CDSP-lib Correlation and Autocorrelation

The Correlation and Autocorrelation Functions

Part of the CDSP-lib algorithm library

General

The discrete correlation function, hereafter denoted by R(x1,x2)[], takes two vectors x1[] and x2[] as arguments and returns a result vector y[]=R(x1,x2)[]. The y[] result is calculated according to the following formula:
R(x1,x2)[n] = Sum(x1[m] x2[m-n]), m in (-inf, +inf)

Remark 1
It can be seen from the above formula that the correlation and the convolution functions are related (see the FIR filters section):
R(x1,x2)[] = x1 * x2, where x2[i] = x2[-i] (i.e. x2 denotes x2 with the time scaled reversed)

Remark 2
In the continuous domain, the correlation function is calculated according to the following formula:
R(x1,x2)(u) = Integral(x1(t) x2(t-u) dt), t in (-inf, +inf)

Fig. 16: Time-domain correlator

It can be seen that the correlation function between two sine functions s1(t) = a1 sin(w1 t + p1) and s2(t) = a2 sin (w2 t + p2) is:

R(s1, s2)(u) = {
   w1 /= w2: Zero(u)
   for w = w1 = w2: a1 a2 cos (w u - (p2-p1))
}

By considering two functions x1(t) and x2(t) as the sum of their spectral components, in the multiplication inside the correlation integral only the spectral components of x1 and x2 that have the same frequency contribute to the integral result (partial results are non-null only for w1 = w2). It can thus be seen that the correlation function is a measure of the resemblance of the two spectra corresponding to x1 and x2, taken on an element by element basis.

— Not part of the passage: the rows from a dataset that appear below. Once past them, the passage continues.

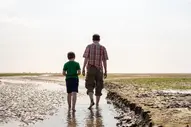 Vater und Sohn am Strand auf Spiekeroog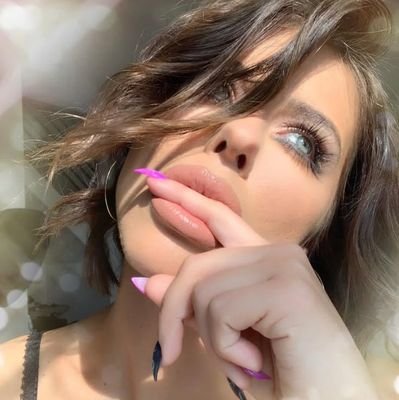MommyReals's profile picture. JUST NEED A COMPANION 🧡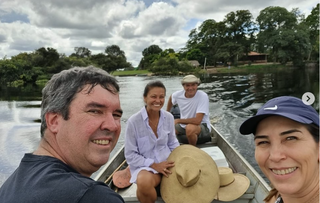 Selfie sobre o barco: governador Eduardo Riedel ao lado da esposa Mônica, em passeio de barco com o músico Almir Sater e a esposa dele. (Foto: Instagram)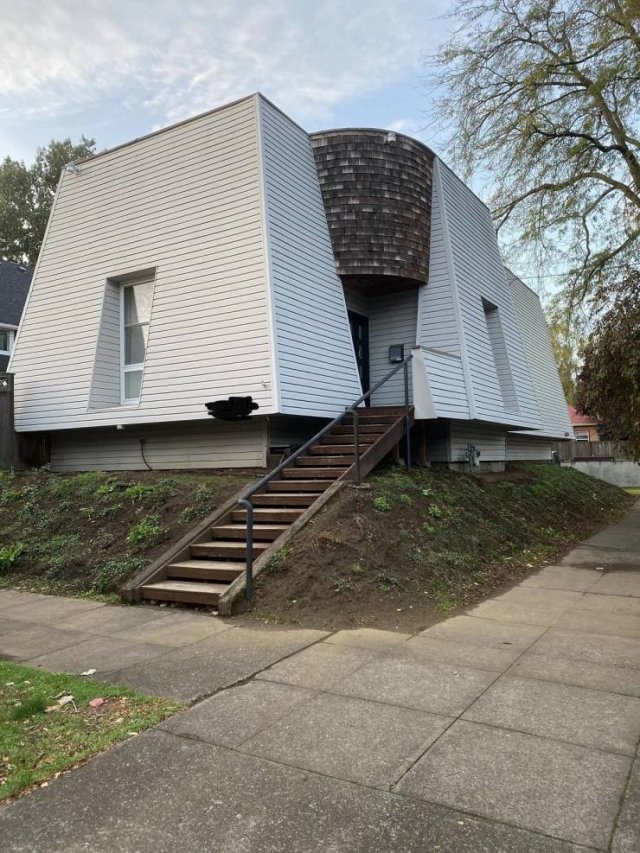 Interesting Architecture All Over The World (21 pics)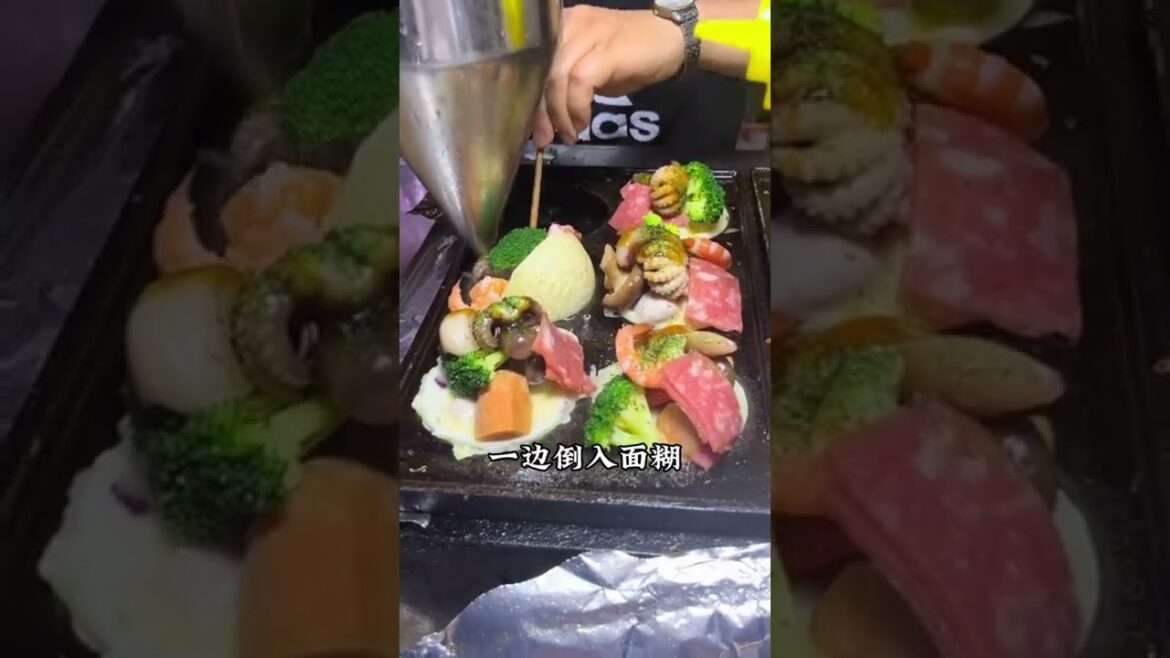 你能吃多少個那麽大的章魚丸子？#shorts #章鱼烧 #煎饼 #煎餅 #streetfood #chinastreetfood #chinafood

Conditions for the input and output vectors' dimensions

As it can be seen from the discrete correlation function definition, the summation is made over the whole (-inf, +inf) interval. Thus, in order to be able to effectively compute a correlation function between two vectors (as a finite number of steps), some restrictions have to be imposed on the vectors' dimensions (i.e. the definition intervals for the two inputs and the output).

Having two x1[] and x2[] input vectors, with the dimension d1 of x1[] greater than or equal to the dimension d2 of x2[], a (d1-d2) -sized y[] correlation vector will result.
The following condition for the vectors definition domains can be derived: for x1[] defined inside [M1, M2-1] and x2[] defined inside [N1, N2-1], the correlation result y[] will be defined inside [N2-M2, N1-M1].

Observation
In order to use the same "type" of vector definition domains for both input and output (i.e. [X, Y-1] instead of [X, Y]), only the [N2-M2, N1-M1-1] result vector domain will be considered. This also implies that the x1[M1] sample will not be used during the correlation calculation (this value only affects the y[N1-M1] output sample).

Fig.17: Definition domains for the correlation input and output Vectors

It can be seen from the correlation formula that the absolute position of the two input vectors is not relevant for the output calculation; only the relative position of the two input vectors affect the result.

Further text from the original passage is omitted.